#### Task goal
Output, word for word, the line that contains "Baby Rammelaar Beer" and all lines after it in the records below, omitting pictures.

#### Material provided

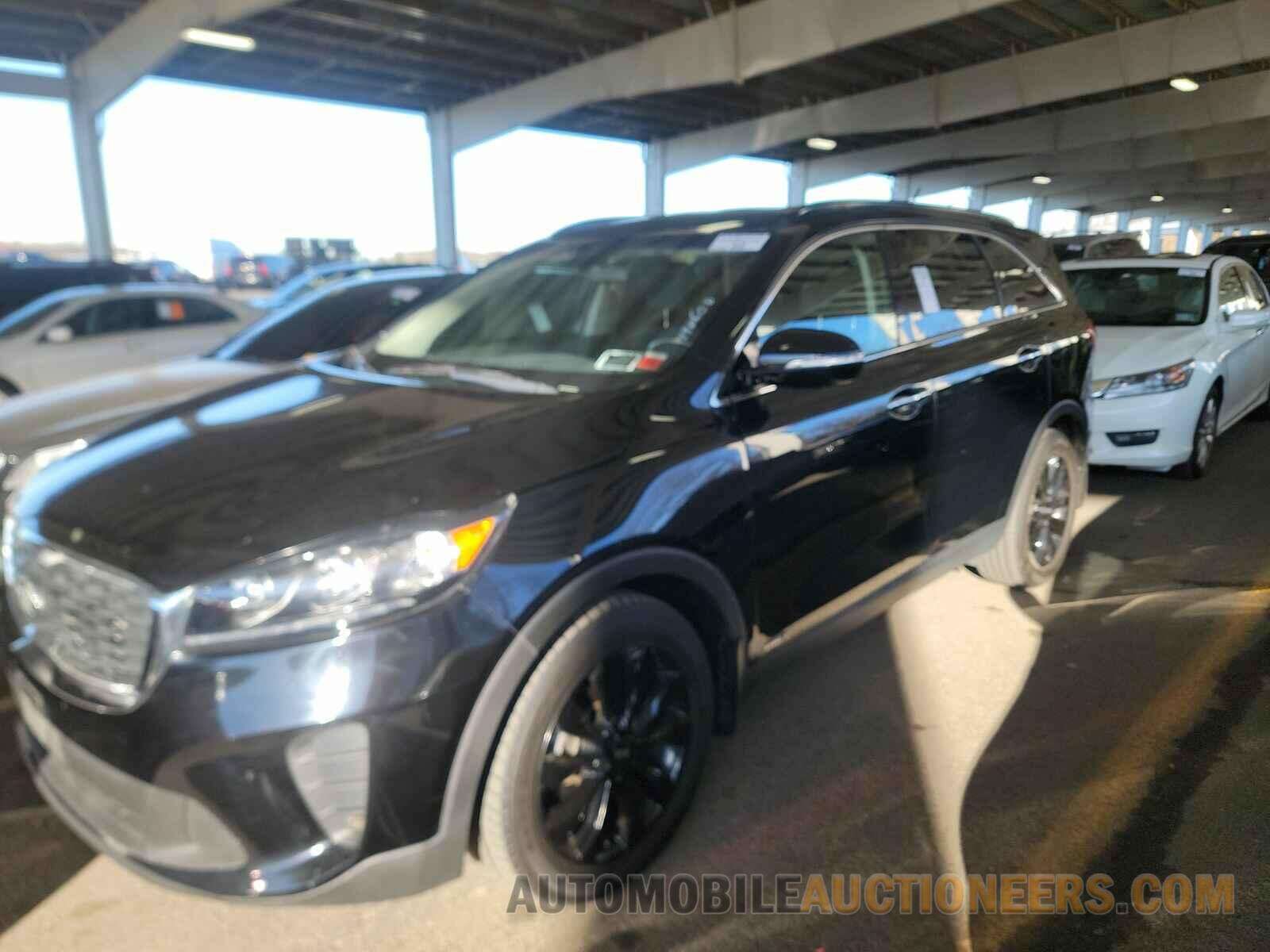 5XYPGDA56KG597647 Kia Sorento 2019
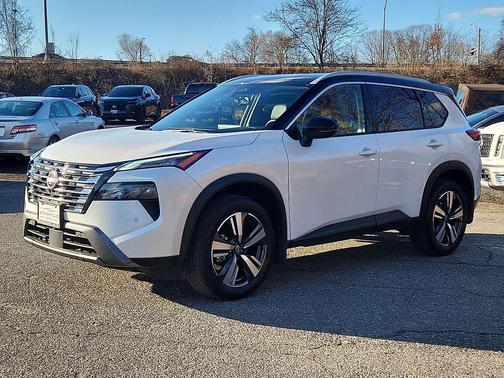 2025 Nissan Rogue SL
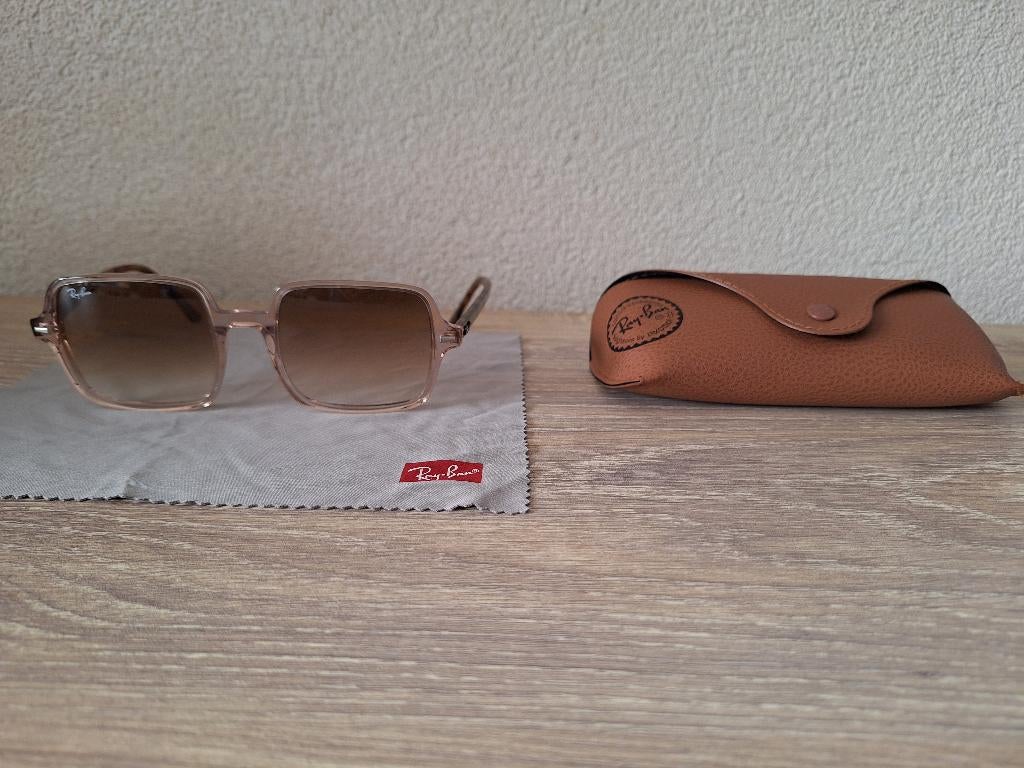 Ray-Ban zonnebril., Gebruikt, Zonnebril, Beige, Ophalen of Verzenden
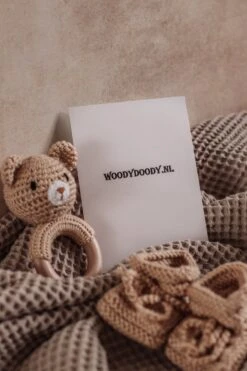 Baby Rammelaar Beer Met Zachte Schoentjes Hand Gebreid Geschenk Set Met Geboortekaart Baby - Kraamcadeau Unisex Jongen Meisje - Baby Cadeau - Geboorte Cadeau - Babyshower - Baby Geschenkset - Kraamcadeau - Kraampakket -Pasgeborenen En Jonge Kinderen 800x1200 71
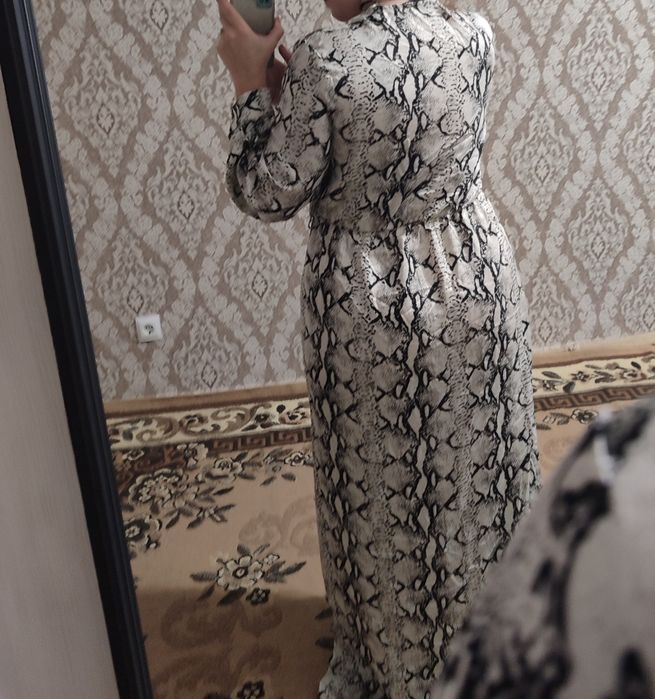 Стильна нова сукня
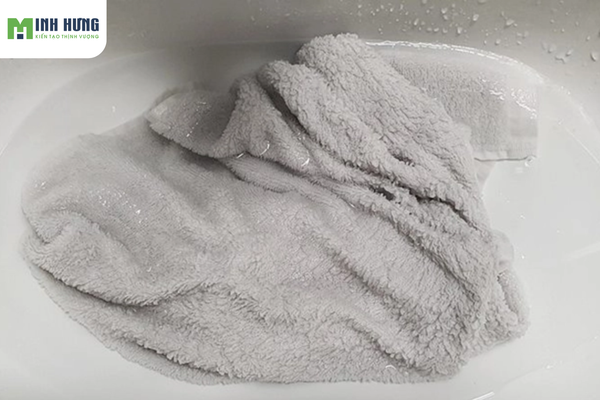 ap-dung-nhung-meo-nay-khan-mat-co-mui-hoi-va-nhon-nhot-sach-ngay-tuc-khac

########

#### Written reply
 Baby Rammelaar Beer Met Zachte Schoentjes Hand Gebreid Geschenk Set Met Geboortekaart Baby - Kraamcadeau Unisex Jongen Meisje - Baby Cadeau - Geboorte Cadeau - Babyshower - Baby Geschenkset - Kraamcadeau - Kraampakket -Pasgeborenen En Jonge Kinderen 800x1200 71
 Стильна нова сукня
 ap-dung-nhung-meo-nay-khan-mat-co-mui-hoi-va-nhon-nhot-sach-ngay-tuc-khac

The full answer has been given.